A day into my time on Orcas, and this is the first I've written.
Last night, I had strange dreams which have set the tone for my day. First, I dreamed a cartoon in sort of Japanese Anime-style. The main character was a hero resembling Aladdin. He was being pursued by an enemy and was threading his way along a wooden plank overlooking a lake. As the enemy drew nearer, Aladdin came to know that the only way to escape was to plunge into the water and die. He does so and his will to escape pulls him to the lake's bottom like a sinking stone. As he sinks, he hears the singing of the sirens. They are telling him in their song that he has to give himself over to life; he must learn to see life and be alive. As he sinks, he drowns and releases his hold on trying to survive.

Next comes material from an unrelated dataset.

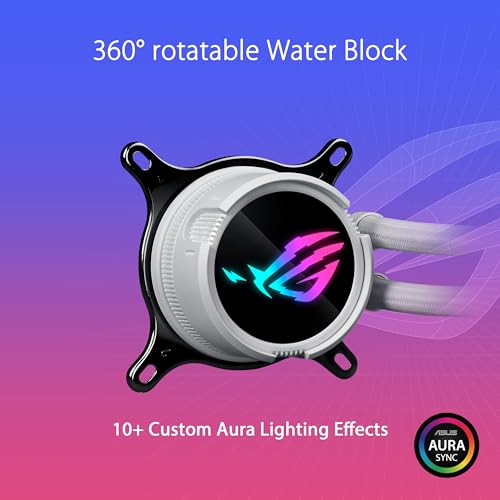 Image of ASUS ROG Strix LC III 360 ARGB White Edition All-in-one CPU Liquid Cooler with 360 rotatable Water Block, Asetek's New Gen7 v2 Pump, Premium ROG ARGB Fans, and 10+ Custom Aura Lighting Effects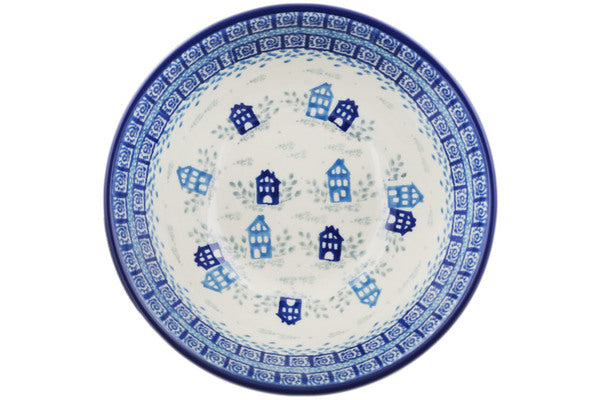 Polish Pottery Cereal Bowl Blue Town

In doing so, he is born to a sense of wonder for his life and of all that is living.
Strangely, my readings today have a reoccurring theme and seem to tie in with my dream. In The Hero Within, I keep reading of the theme of the wasteland, and the hero's call to adventure.
"...the heroic journey does not require you to become something greater than you are. It merely requires absolute fidelity to your own authentic path."
Great. How many ways have I deviated from that path? I've cultivated a career that I find unsatisfying so that I can make a lot of money. I've remained stuck in an unsatisfying relationship because I'm afraid of being alone. About the only quest I've been on is one for instant gratification. Food. Drink. Clothes. Car. Since graduating from college, I haven't been able to commit myself to anything. How many false starts have I made, only to abandon them when it turns out that focus and effort is required?
What does this have to do with writing? I'm not sure. Not yet. But this weekend is about exploring and following the flow. I'm going where I'm led. So far, I've had that very bizarre dream, and some interesting reading. I've also gotten caught up in wikipedia surfing on the Fisher King, the Mabinogian, the Grail, Cuhlwch and Olwen, the Book of Taliesin.
No stressing allowed. Just let one thing lead to another and see where I end up. Usually, I get flustered, desperate to accomplish something, and I freeze. This weekend, I am allowing myself to just be with myself and flow. Allow my process to flow and NOT freeze up because I don't think it's going in the right direction. Whatever direction it is going in is the right direction.